As denúncias foram apresentadas pela Procuradoria-Geral da República (PGR) e estão sendo analisadas em dois inquéritos do STF. Um deles trata dos incitadores e autores intelectuais dos ataques golpistas e o outro dos executores dos atos de vandalismo. O julgamento ocorre no plenário virtual da Corte e está programado para ocorrer até a próxima segunda-feira. Até ontem, apenas Moraes havia votado.

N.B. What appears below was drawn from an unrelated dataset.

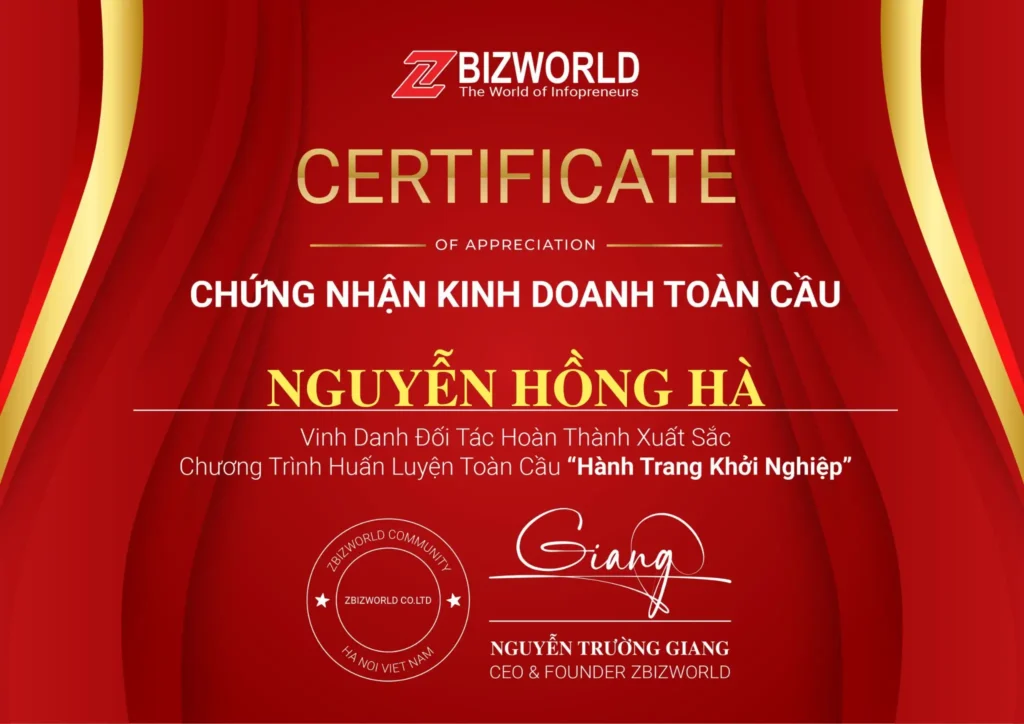 Chứng nhận Hành Trang Khởi Nghiệp của Nguyễn Hồng Hà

“Faça o que tem que fazer”

Outros áudios com teor golpista clamando aos militares já haviam sido revelados na semana passada. Na ocasião, as investigações mostraram que Ailton enviou mensagens ao então ajudante de ordens de Bolsonaro, o tenente-coronel Mauro Cid, sobre pressionar o comandante do Exército para que ele, em suas palavras, “faça o que tem que fazer”. Cid era o homem de confiança do expresidente, com acesso direto ao gabinete presidencial.

Tanto Barros quanto Cid estão presos desde a semana passada. Ambos foram alvos da operação policial que mirou um esquema de fraude de cartões de vacinação de Bolsonaro, seus auxiliares e parentes.

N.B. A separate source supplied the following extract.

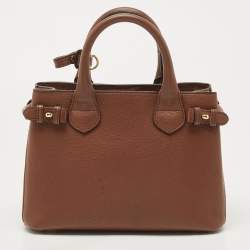 Pre Owned Burberry Brown/Beige House Check Fabric and Leather Small Banner Tote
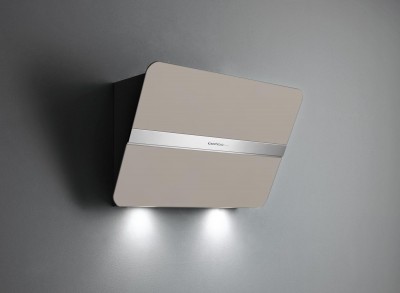 Cappa a Parete 85 cm Vetro temperato satinato Grigio con fascia centrale in acciaio inox finitura Scotch Brite FALMEC Flipper - CFPN85.E0P2#ZZZA491F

Como revelou a colunista Bela Megale, do GLOBO, a Polícia Federal (PF) apura se o áudio enviado ao ex-ajudante de ordens tem relação com uma minuta golpista encontrada na casa de outro importante integrante do governo Bolsonaro, o ex-ministro da Justiça Anderson Torres, preso desde 14 de janeiro por suposta omissão nos ataques do dia 8. À época, ele era secretário de Segurança do Distrito Federal.

O texto do documento consistia em um decreto presidencial, em nome de Bolsonaro, que sugeria uma espécie de intervenção no TSE, o que poderia abrir caminho para interferir no resultado da eleição presidencial de 2022. Em depoimento, Torres afirmou desconhecer a autoria da minuta e classificou o documento como “lixo”, que seria descartado.

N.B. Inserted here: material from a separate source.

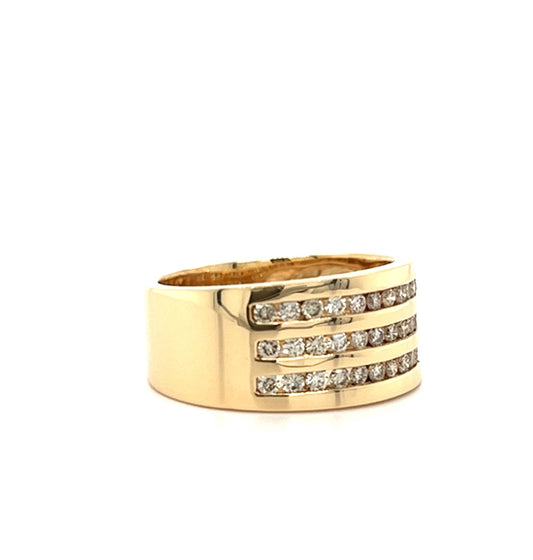 14KT YELLOW GOLD FANCY MENS DIAMOND WEDDING BAND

Na investigação, a PF vai mapear a relação e eventuais contatos mantidos entre Barros, Cid e Torres, assim como encontros e trocas de comunicações.

Um dos encontros em que uma trama golpista teria sido discutida aconteceu no próprio Palácio da Alvorada, segundo contou o senador bolsonarista Marcos do Val (PodemosES) em fevereiro. Em uma série de entrevistas, nas quais foi mudando de versões, o parlamentar disse ter se encontrado com Bolsonaro e com então deputado Daniel Silveira (PTB-RJ), em dezembro, e sido convidado pelo colega de Congresso a participar de um plano para gravar Moraes escondido. A ideia era capturar algum áudio que pudesse ser usado em uma eventual contestação ao TSE. O ex-presidente, porém, teria apenas ouvido a ideia apresentada por Silveira, sem emitir opinião, de acordo com o que disse o senador.